Ich würde lieber ein wenig weitersparen und mir ne avet holen... Alles andere ist halbgar...


----------



## antonio (15. Oktober 2012)

*AW: neue Multirolle gesucht*

klar ist die avet was feines aber die tld tun seit jahren ihre dienste und sind sehr gute rollen.
sie als halbgar zu bezeichnen entspricht nicht der realität.

antonio


----------



## shR!mp (15. Oktober 2012)

*AW: neue Multirolle gesucht*

Warum soll eine Shimano TLD oder eine Penn Senator 113 H halbgar sein? die Rollen sind doch schon lange bewährt und waren bevor Avet in Europa bekannt wurde doch immer DAS Ding für Norwegen und das gelbe Riff. 
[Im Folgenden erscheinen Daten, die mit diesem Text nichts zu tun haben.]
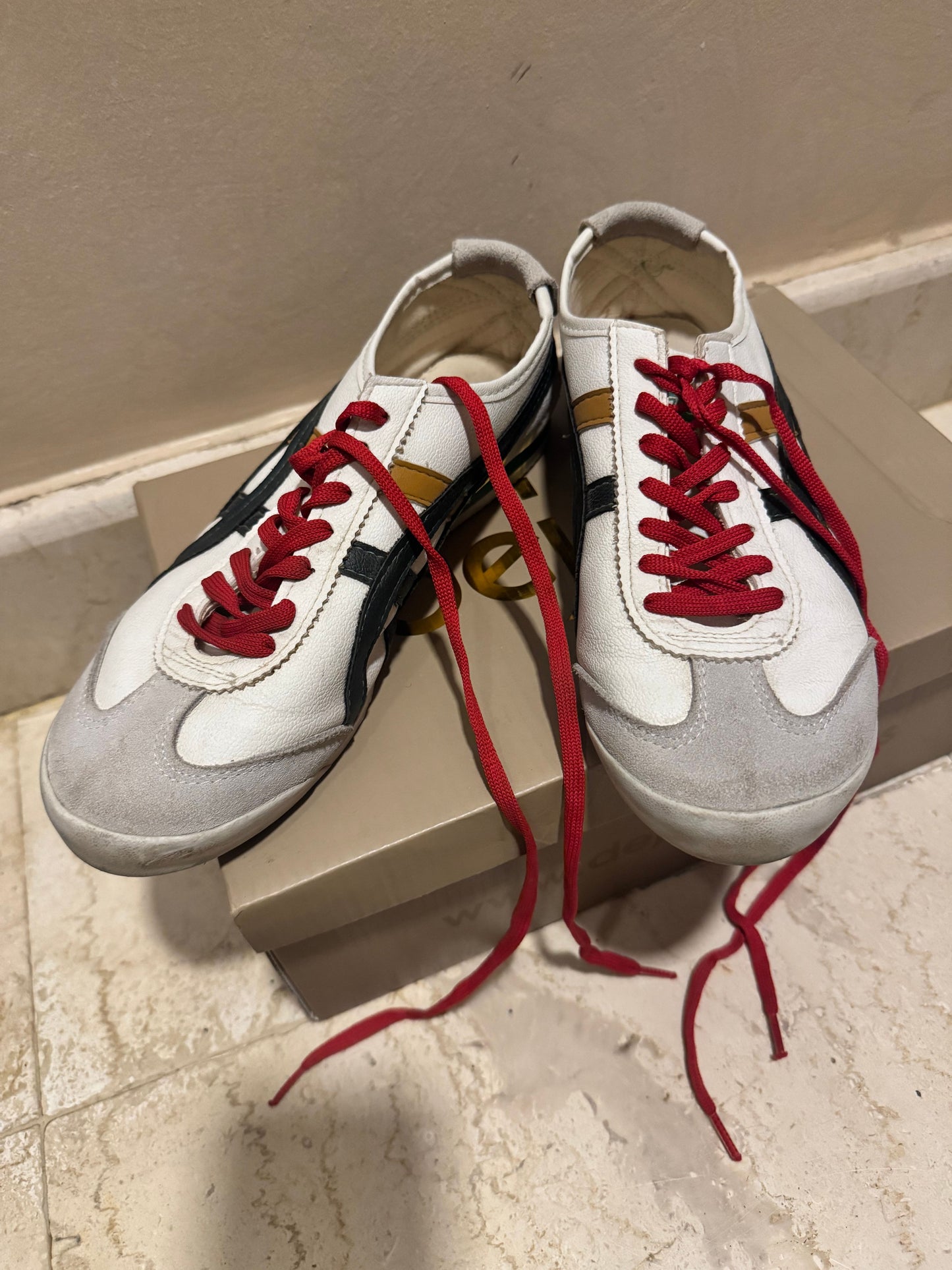 Onitsuka Tiger Sneakers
@Antonio: das gleiche meinte ich doch auch...
nur das ich die Erfahrung mit der Ausdauer nicht gemacht habe, wenn ich 400gr Blei aus 100mTiefe hochgekurbelt habe war das jeweils gleich anstrengend. (aber das ist natürlich nur meine Erfahrung)


----------



## antonio (15. Oktober 2012)

*AW: neue Multirolle gesucht*

100m sind ja noch keine tiefe und 400g kein gewicht. #h

antonio


----------



## Felipe95 (15. Oktober 2012)

*AW: neue Multirolle gesucht*

ok ich werds mir nochmal überlegen evtl greif ich dann doch mal zu ner rh-multi.
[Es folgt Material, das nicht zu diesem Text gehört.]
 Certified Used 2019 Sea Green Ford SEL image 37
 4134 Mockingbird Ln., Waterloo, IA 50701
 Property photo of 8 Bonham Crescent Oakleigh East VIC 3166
Aber gibt es denn keine empfehlenswerten multirollen wie zB tld oder senator als lh-modelle, die auch in meiner preisklasse liegen ?


----------



## shR!mp (15. Oktober 2012)

*AW: neue Multirolle gesucht*

Ja doch klar die Senator 112 und 113 gibt es als LH Rollen und die kosten dann maximal 10€ mehr


----------



## Felipe95 (15. Oktober 2012)

*AW: neue Multirolle gesucht*

Aber es gibt nur die 113 als LH zumindest finde ich bei google keine 112 lh aber die 113er ist mir mit knapp 900g glaub ich etwas zu schwer.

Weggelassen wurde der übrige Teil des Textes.